Significant volatility and uncertainty in the capital markets may limit our access to funding.
We have accessed the capital markets in the past and successfully raised funds, through the issuance of equity or convertible debt, to increase our cash position, support our operations and undertake strategic growth initiatives, including the MEN Acquisition. We regularly evaluate our liquidity position, debt obligations, and anticipated cash needs to fund our long-term operating plans and may consider raising additional capital in the future. Global capital markets have undergone a sustained period of significant volatility and uncertainty and there can be no assurance that such financing alternatives would be available to us, should we determine it necessary or advisable to seek additional cash resources.
Facilities transitions could be disruptive to our operations and result in unanticipated expense.
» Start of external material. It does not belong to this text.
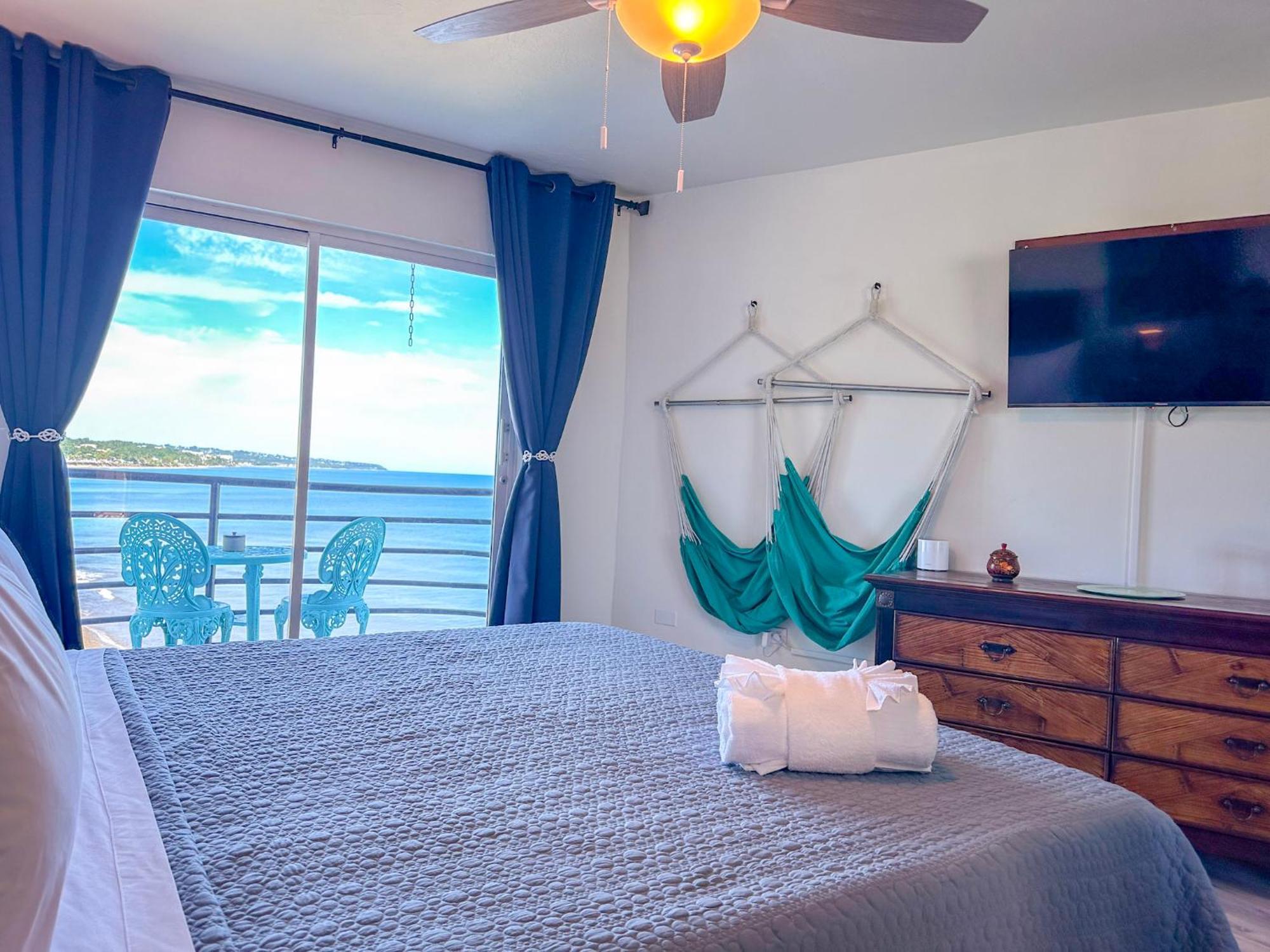 Eco Resort Condos Агуада Экстерьер фото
During fiscal 2011, we received notice of early termination from Nortel shortening the lease of our “Lab 10” building on the Carling Campus in Ottawa, Canada from ten to five years, with the lease termination set to occur in fiscal 2015. This is our largest facility, which includes a sophisticated research and development lab and key engineering personnel. We are currently considering facilities alternatives arising as a result of the early termination of this lease, however locating appropriate alternative space for our engineering operations in Ottawa may be costly and there can be no assurance that the transition of key engineering functions to a successor facility will not be disruptive or adversely affect productivity. Additionally, in November 2011, we entered into a lease for our new corporate headquarters and anticipate transitioning affected employees and operations, including key management and administration resources, to this new facility commencing in fiscal 2012. These facilities
transitions could be disruptive to our operations and could result in unanticipated expense that adversely affects our financial results.
Restructuring activities could disrupt our business and affect our results of operations.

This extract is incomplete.